• **Your instructions**:
Transcribe every entry that follows exactly, omitting all pictures.

[Provided material — start]

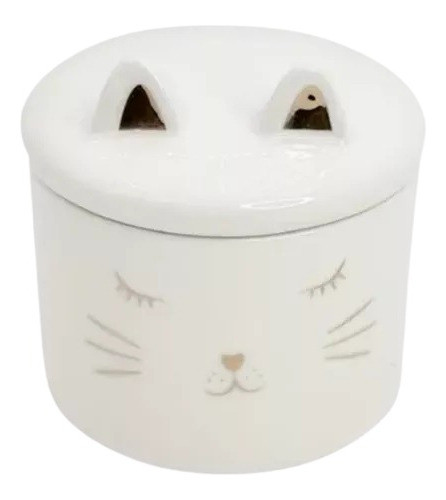 Potiche Com Tampa Gatinho Lindinho Delicado Decoração Make 0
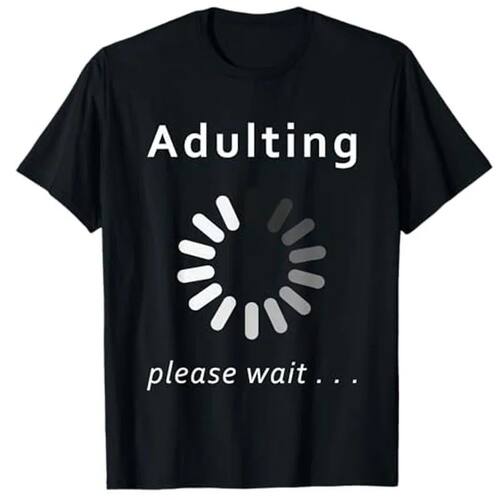 Adulting Please Wait Funny 18th Birthday 18 Years Old T-Shir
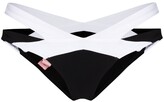 Thumbnail for your product : Agent Provocateur Two-Tone Bikini Bottoms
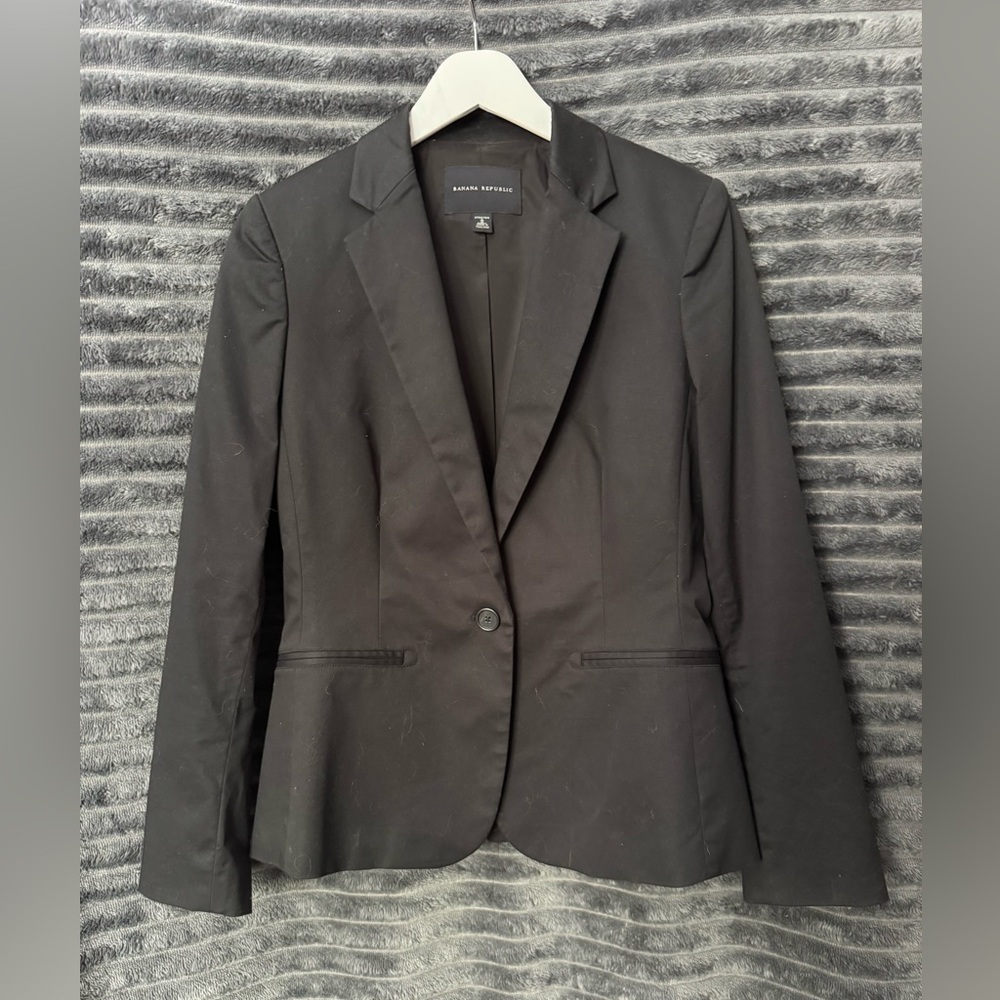 Banana Republic Black Stretched Blazer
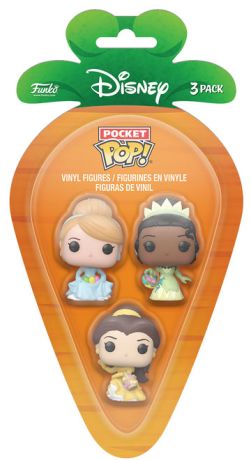 Tiana / Belle / Cinderella (Easter) - Pack Pocket
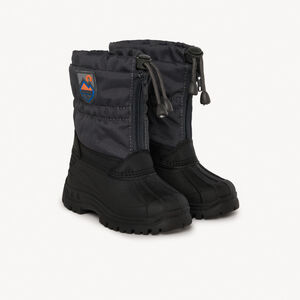 Après-ski zippés bicolores à badge gomme pour garçon 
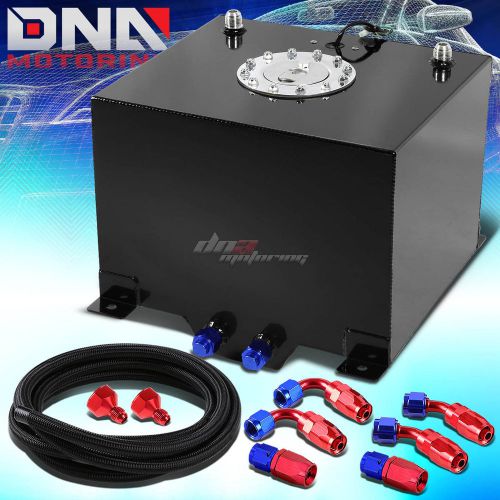 8 gallon/30.5l black aluminum fuel cell gas tank+level sender+nylon oil feed kit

[Provided material — finish]

• **Task response**:
 Potiche Com Tampa Gatinho Lindinho Delicado Decoração Make 0
 Adulting Please Wait Funny 18th Birthday 18 Years Old T-Shir
 Thumbnail for your product : Agent Provocateur Two-Tone Bikini Bottoms
 Banana Republic Black Stretched Blazer
 Tiana / Belle / Cinderella (Easter) - Pack Pocket
 Après-ski zippés bicolores à badge gomme pour garçon 
 8 gallon/30.5l black aluminum fuel cell gas tank+level sender+nylon oil feed kit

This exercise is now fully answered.